Stone, Vicky Joseph Professor of Engineering and Applied Mathematics and associate dean for applied physical sciences and engineering, was in the audience when Bee projected an image of a micrometer-size bubble with a distinctive polygonal geometry. The bubble surface appeared to be faceted with regular pentagonal, hexagonal, and heptagonal domains that intersected to form a soccer ball-like structure. None of the faces spanned more than 50 nanometers.

"Small bubbles on that scale never last because of surface tension -- they instantly disappear. What Rodney showed on that screen was extraordinary," said Stone. "It was impossible; we all thought it was impossible."

Smaller bubbles have a greater surface tension and a higher gas pressure than larger ones. As a result, larger bubbles usually grow at the expense of smaller ones, which have very short lifetimes.

"I asked him how he created his foams, and he said he used an ordinary kitchen mixer. The next day I went out and bought a kitchen mixer for the lab," explained Stone.

The experimental study, conducted by SEAS graduate student Emilie Dressaire in collaboration with Unilever colleagues, revealed that when the bubbles were covered with the chosen surfactant mixture, the surfactant molecules crystallized to form nearly impermeable shells over the bubble surfaces.

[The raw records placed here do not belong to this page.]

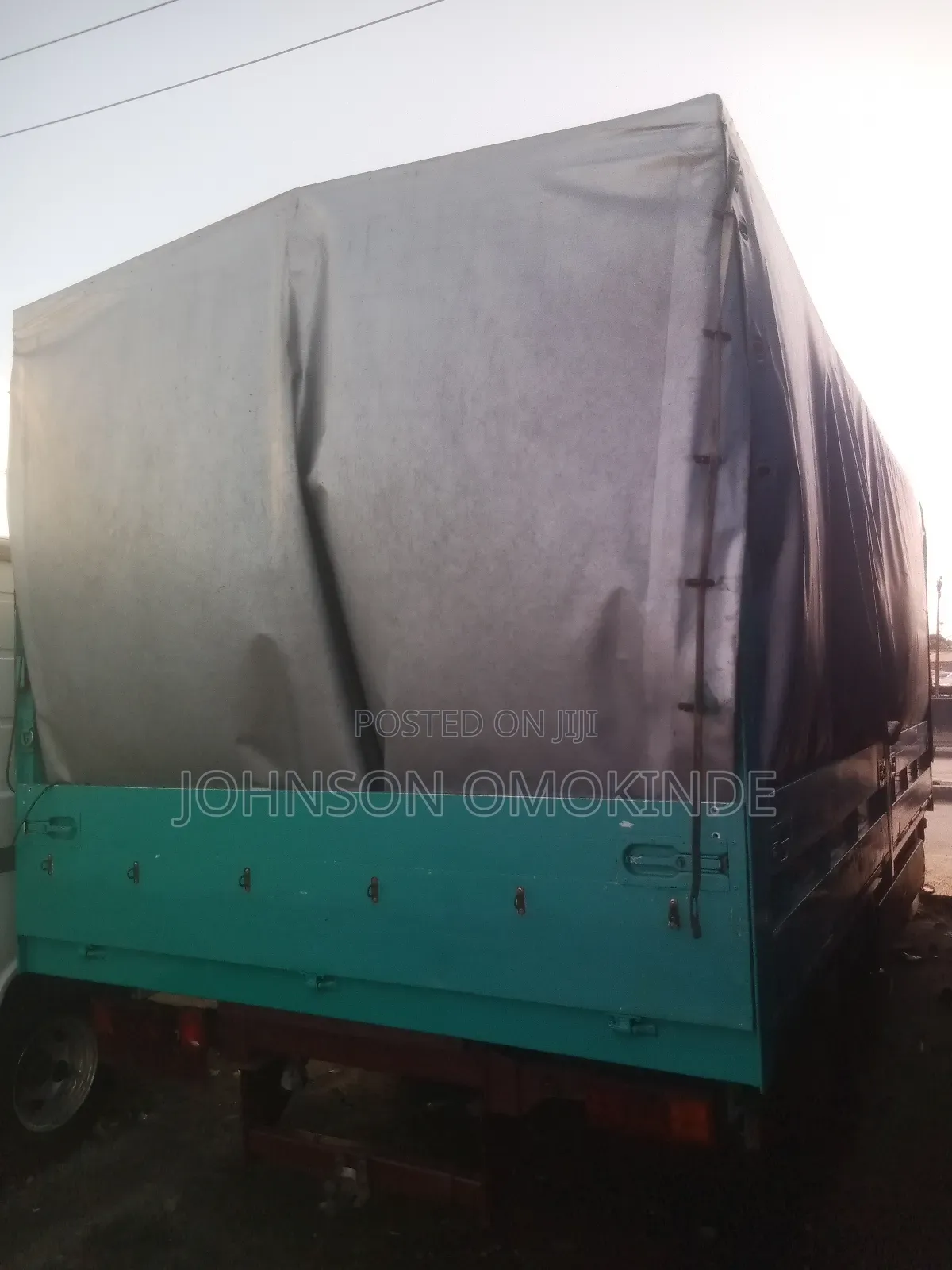 1114 Mercedes Benz With Tarpaulin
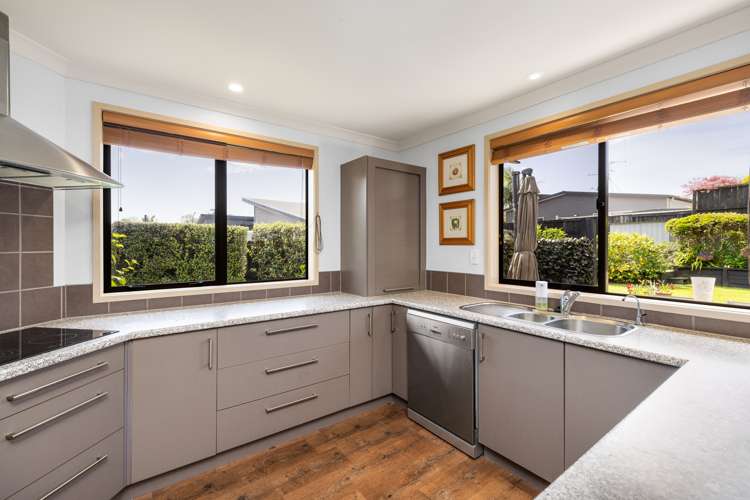 23 Rosella Drive Welcome Bay_5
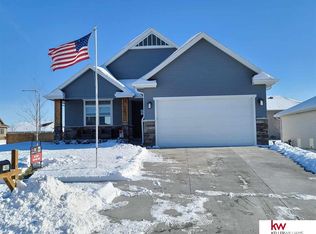 1462 Voss Dr, Blair, NE 68008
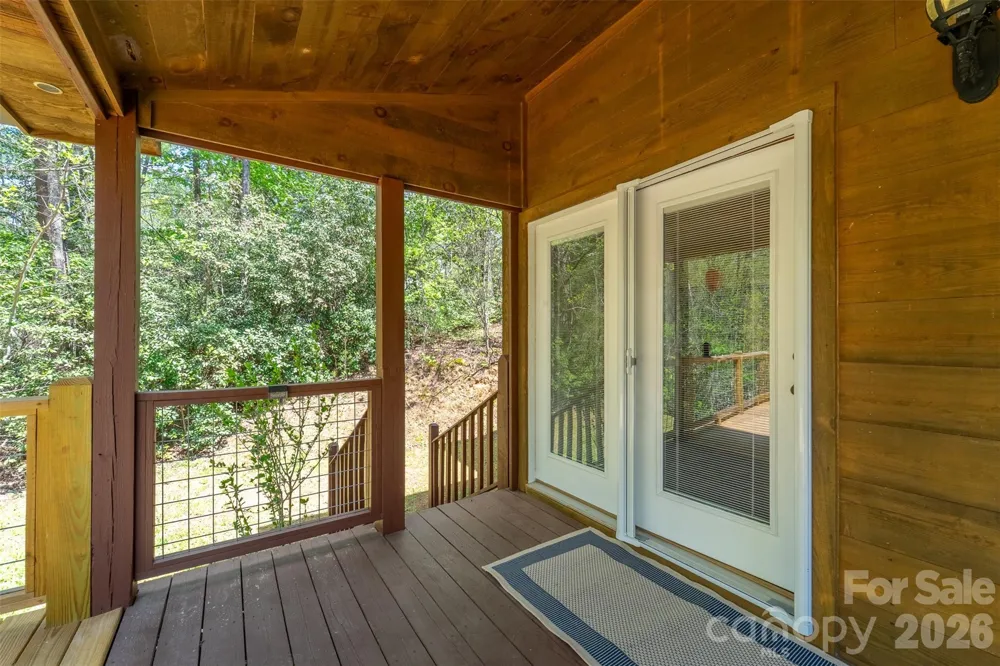 138 Hubbell Lane Robbinsville, NC 28771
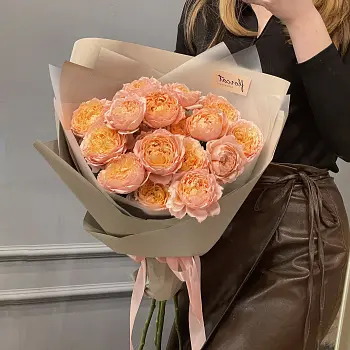 Букет из 5 кустовых пионовидных роз Juliet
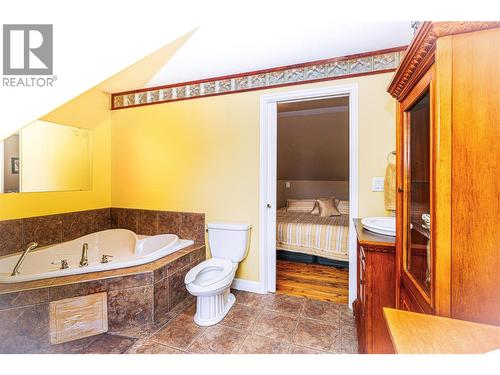 114 Skye Blue Loop, Princeton, BC - Indoor Photo Showing Bathroom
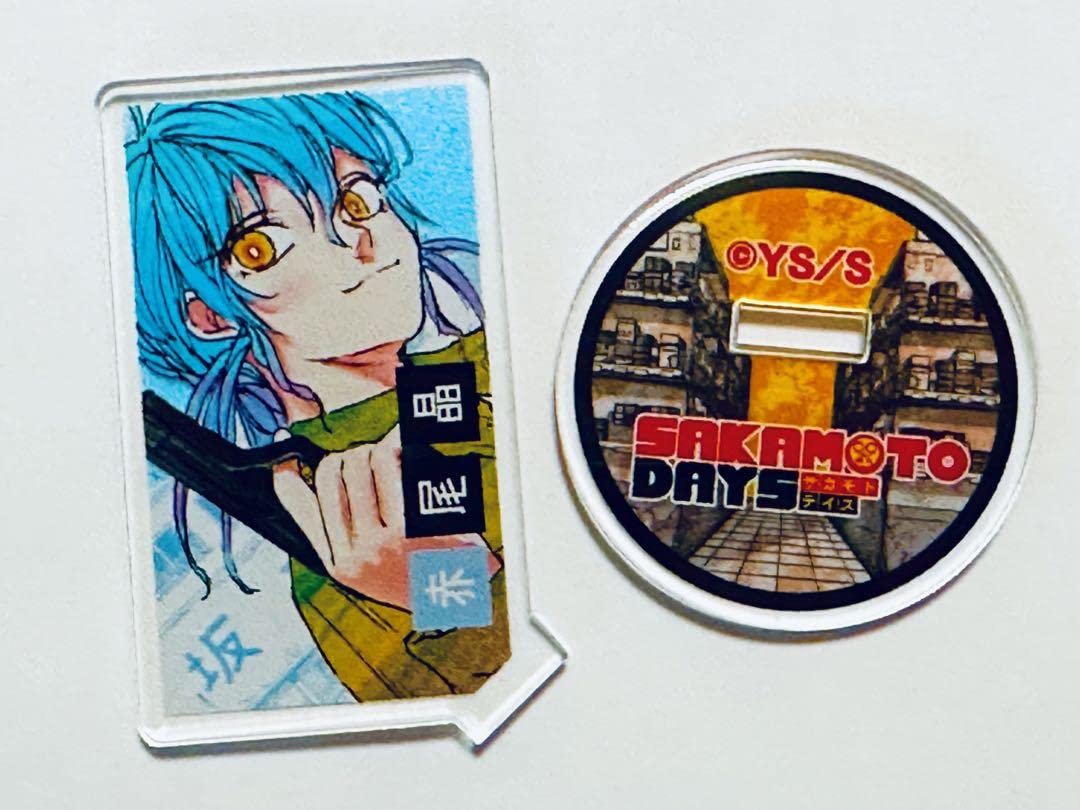 Amazon.co.jp: サカモトデイズ アクリルスタンド 赤尾晶 : おもちゃ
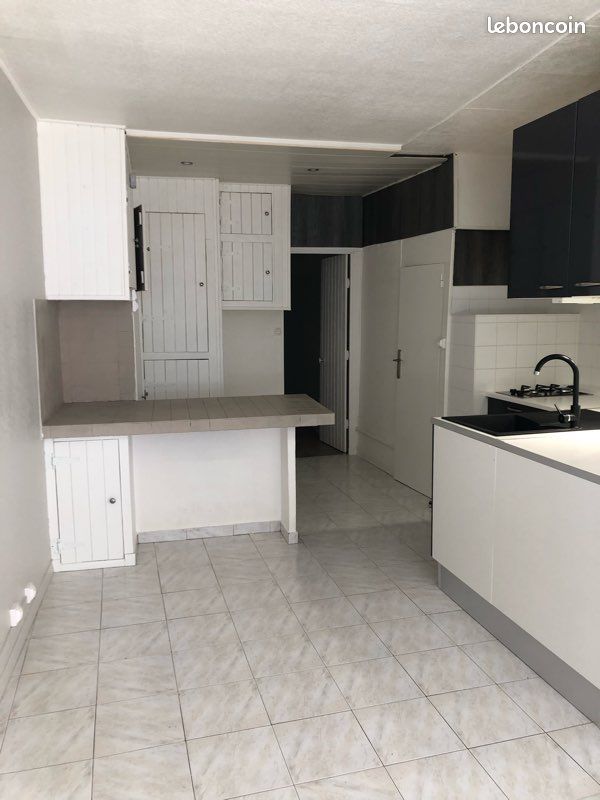 Appartement 2 pièces 38 m² · à La Tour-du-Pin · 38 m² · 480 €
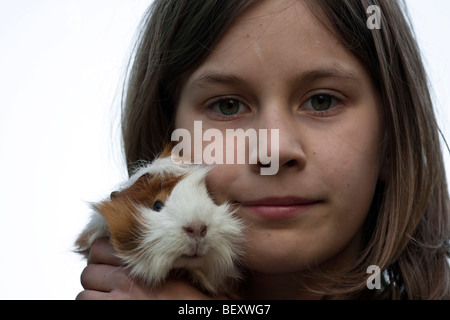 Porträt eines Mädchens mit ihrem Meerschweinchen Stockfoto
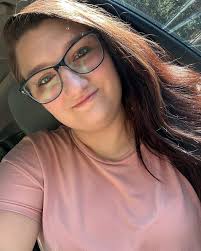 Katelyn Farr's Instagram, Twitter & Facebook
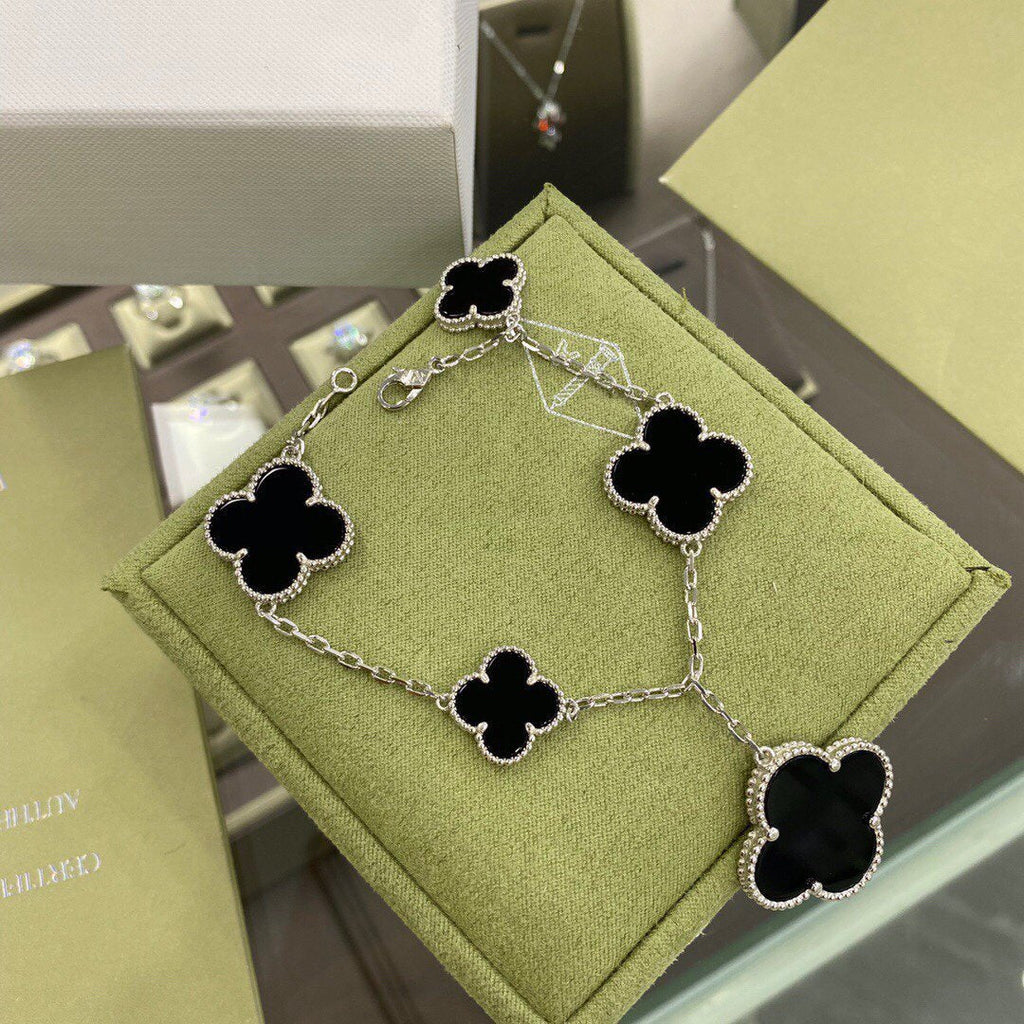 ¡®Imperial¡¯CLOVER 5 MOTIFS SIVLER ONYX BRACELET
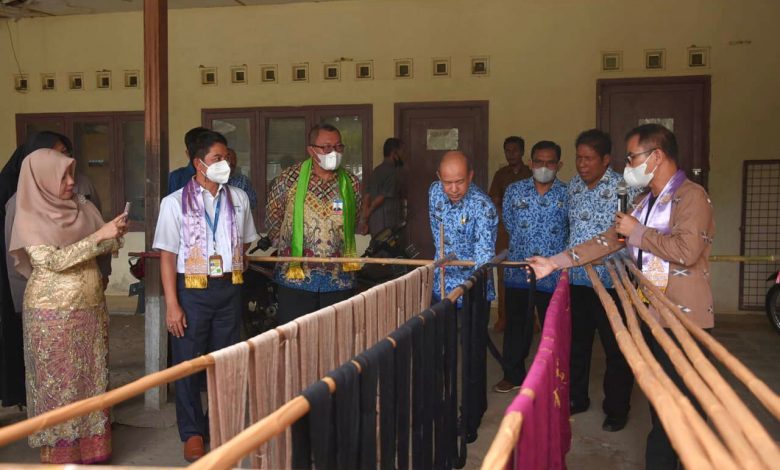 Bupati Aceh Tamiang didampingi Kepala Perwakilan BI Lhokseumawe, manager Pertamina dan Ketua Dekranasda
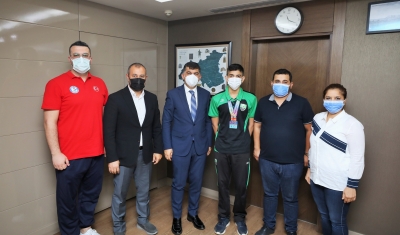 Engelleri yok saydı azmiyle 3 altın madalya kazandı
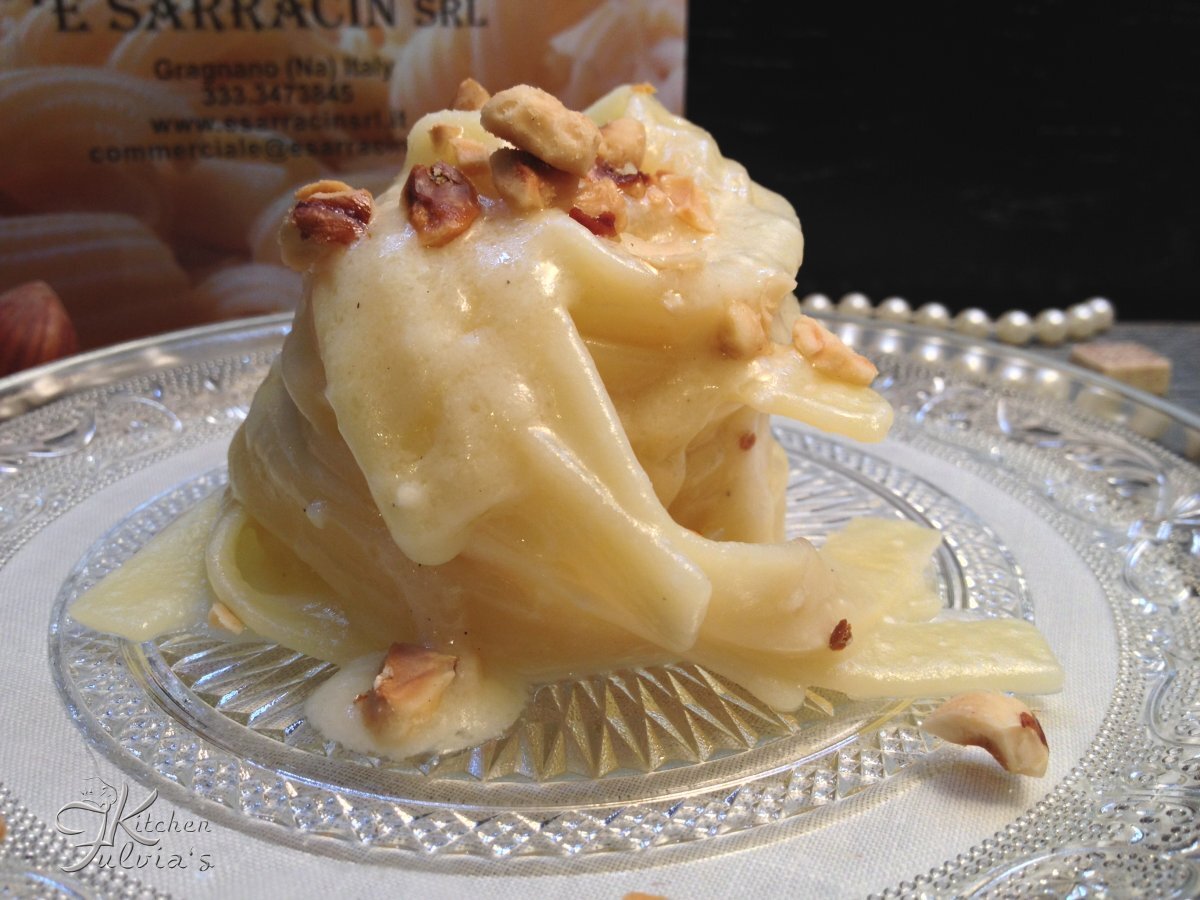 Tagliatelle al Castelmagno D.O.P. e nocciole – ‘E Sarracin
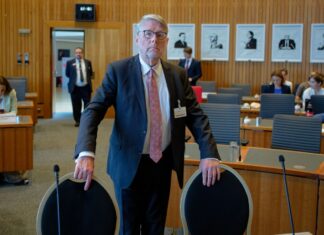 Der Präsident des Bundesamts für Migration und Flüchtlinge (Bamf) hat die Aufgabenverteilung in Nordrhein-Westfalen in Asyl- und Aufenthaltsfragen kritisiert.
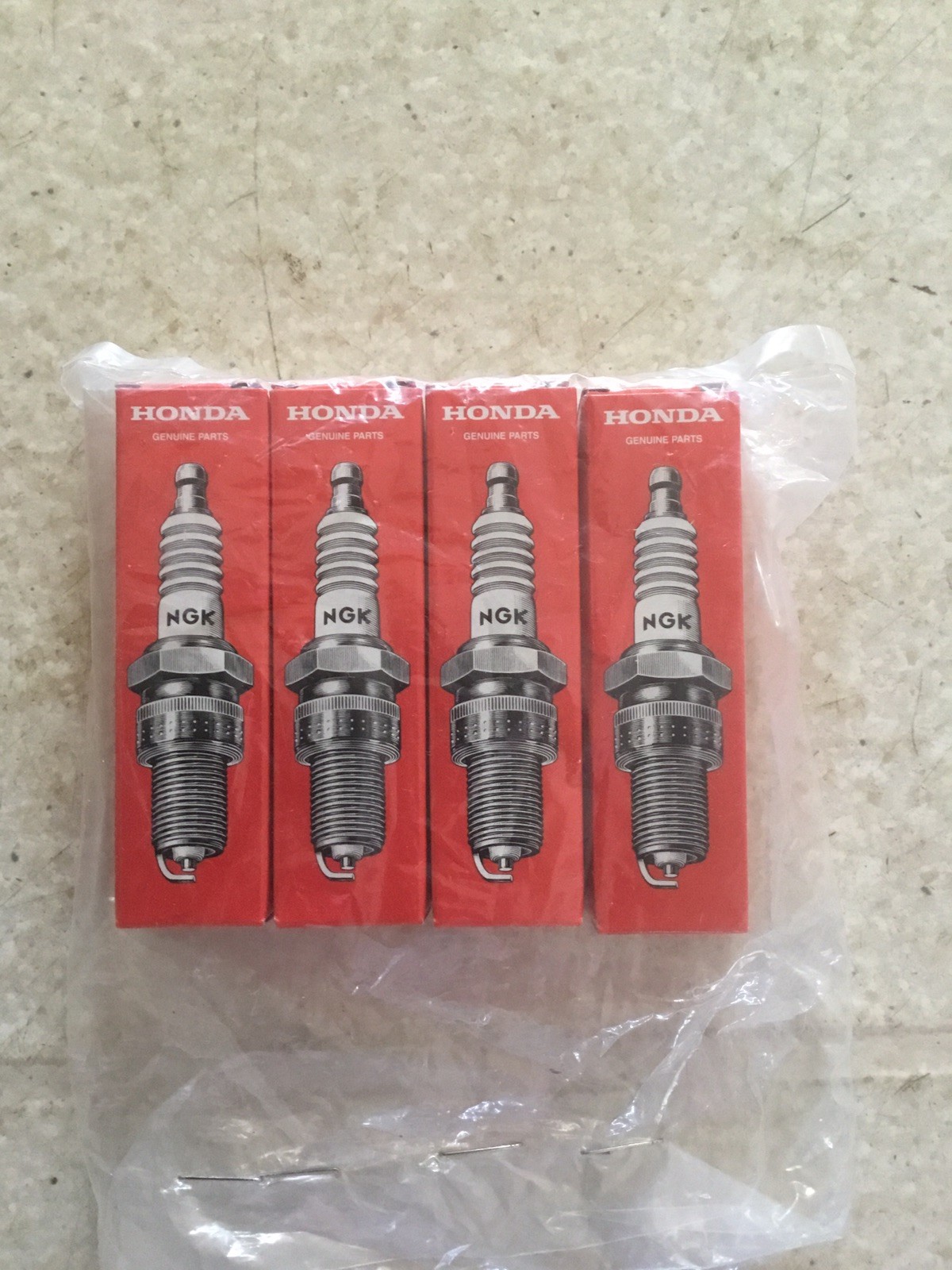 Nos Honda NGK Spark Plug 31912-MBW-E11/IMR9C-9H Lot Of 4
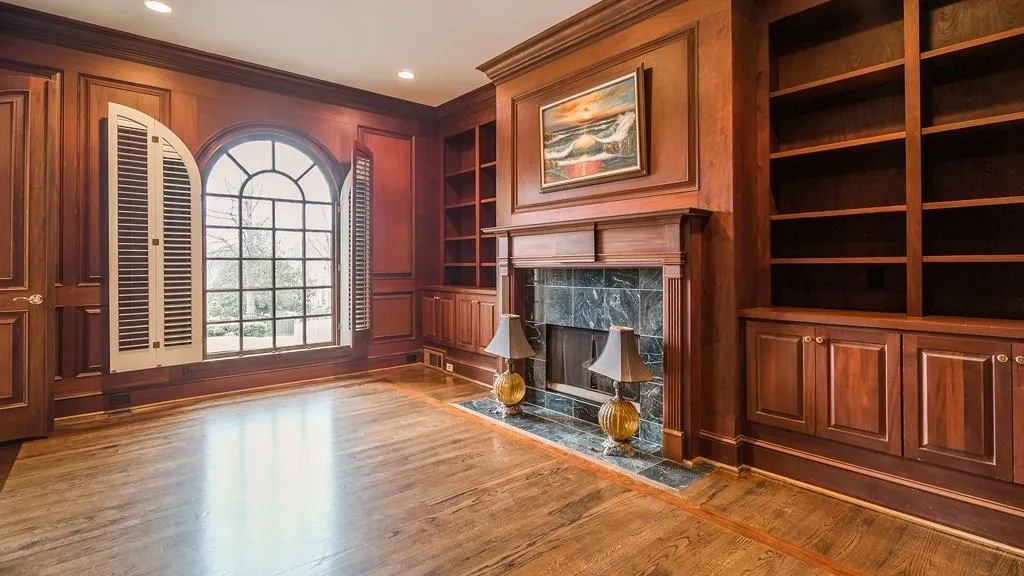 725 Riley Place, Atlanta, Georgia 30327, 8 Bedrooms Bedrooms, ,9 BathroomsBathrooms,Residential,Sold,725 Riley Place,5941839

The resulting shells possessed an elasticity that allowed them to buckle over time into a remarkably regular and stable pattern. Measurements of the microbubbles' stability extended over more than a year, and the structural integrity of the bubbles held for the entire period.

The authors note that future applications of these microbubbles could significantly extend the lifetimes of common gas-liquid products that experience rapid disintegration, such as aerated personal-care products and contrast agents for ultrasound imaging.

Stone's co-authors are Dressaire and David C. Bell from SEAS and Bee and Alex Lips from Unilever Research and Development. The research was funded by Unilever.